---------- SUPPLIED ENTRIES ----------
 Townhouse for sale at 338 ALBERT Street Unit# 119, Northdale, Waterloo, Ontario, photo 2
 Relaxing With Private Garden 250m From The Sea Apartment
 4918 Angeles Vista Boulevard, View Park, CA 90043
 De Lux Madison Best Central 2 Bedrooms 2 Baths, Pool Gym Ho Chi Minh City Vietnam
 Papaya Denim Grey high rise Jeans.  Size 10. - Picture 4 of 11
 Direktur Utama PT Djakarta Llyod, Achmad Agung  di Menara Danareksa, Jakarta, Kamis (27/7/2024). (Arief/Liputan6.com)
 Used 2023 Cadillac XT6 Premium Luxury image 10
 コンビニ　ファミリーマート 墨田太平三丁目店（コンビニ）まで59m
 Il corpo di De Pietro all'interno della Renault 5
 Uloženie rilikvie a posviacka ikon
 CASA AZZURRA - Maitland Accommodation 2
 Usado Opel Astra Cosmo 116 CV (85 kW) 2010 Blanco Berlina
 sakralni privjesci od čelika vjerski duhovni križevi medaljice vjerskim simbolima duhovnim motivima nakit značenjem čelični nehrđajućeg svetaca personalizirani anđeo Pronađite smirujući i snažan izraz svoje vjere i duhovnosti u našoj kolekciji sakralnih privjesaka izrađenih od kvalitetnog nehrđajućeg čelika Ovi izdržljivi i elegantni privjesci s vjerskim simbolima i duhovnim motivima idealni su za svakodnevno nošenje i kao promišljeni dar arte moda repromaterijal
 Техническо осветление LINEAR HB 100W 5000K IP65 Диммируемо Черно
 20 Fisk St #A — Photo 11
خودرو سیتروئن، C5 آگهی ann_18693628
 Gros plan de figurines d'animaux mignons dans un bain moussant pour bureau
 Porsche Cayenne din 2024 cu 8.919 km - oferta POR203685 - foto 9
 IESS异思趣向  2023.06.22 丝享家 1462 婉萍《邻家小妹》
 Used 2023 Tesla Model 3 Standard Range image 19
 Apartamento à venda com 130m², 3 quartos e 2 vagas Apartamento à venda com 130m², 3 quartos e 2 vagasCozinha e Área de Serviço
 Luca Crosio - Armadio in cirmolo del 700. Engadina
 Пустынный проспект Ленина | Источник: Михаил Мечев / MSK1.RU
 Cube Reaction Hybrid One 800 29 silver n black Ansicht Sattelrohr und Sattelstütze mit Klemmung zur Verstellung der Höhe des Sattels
----------
(EXERCISE AIM):
Copy only the entries from the first line to the line with "Direktur Utama PT", each exactly as it appears.

(EXERCISE ANSWER):
 Townhouse for sale at 338 ALBERT Street Unit# 119, Northdale, Waterloo, Ontario, photo 2
 Relaxing With Private Garden 250m From The Sea Apartment
 4918 Angeles Vista Boulevard, View Park, CA 90043
 De Lux Madison Best Central 2 Bedrooms 2 Baths, Pool Gym Ho Chi Minh City Vietnam
 Papaya Denim Grey high rise Jeans.  Size 10. - Picture 4 of 11
 Direktur Utama PT Djakarta Llyod, Achmad Agung  di Menara Danareksa, Jakarta, Kamis (27/7/2024). (Arief/Liputan6.com)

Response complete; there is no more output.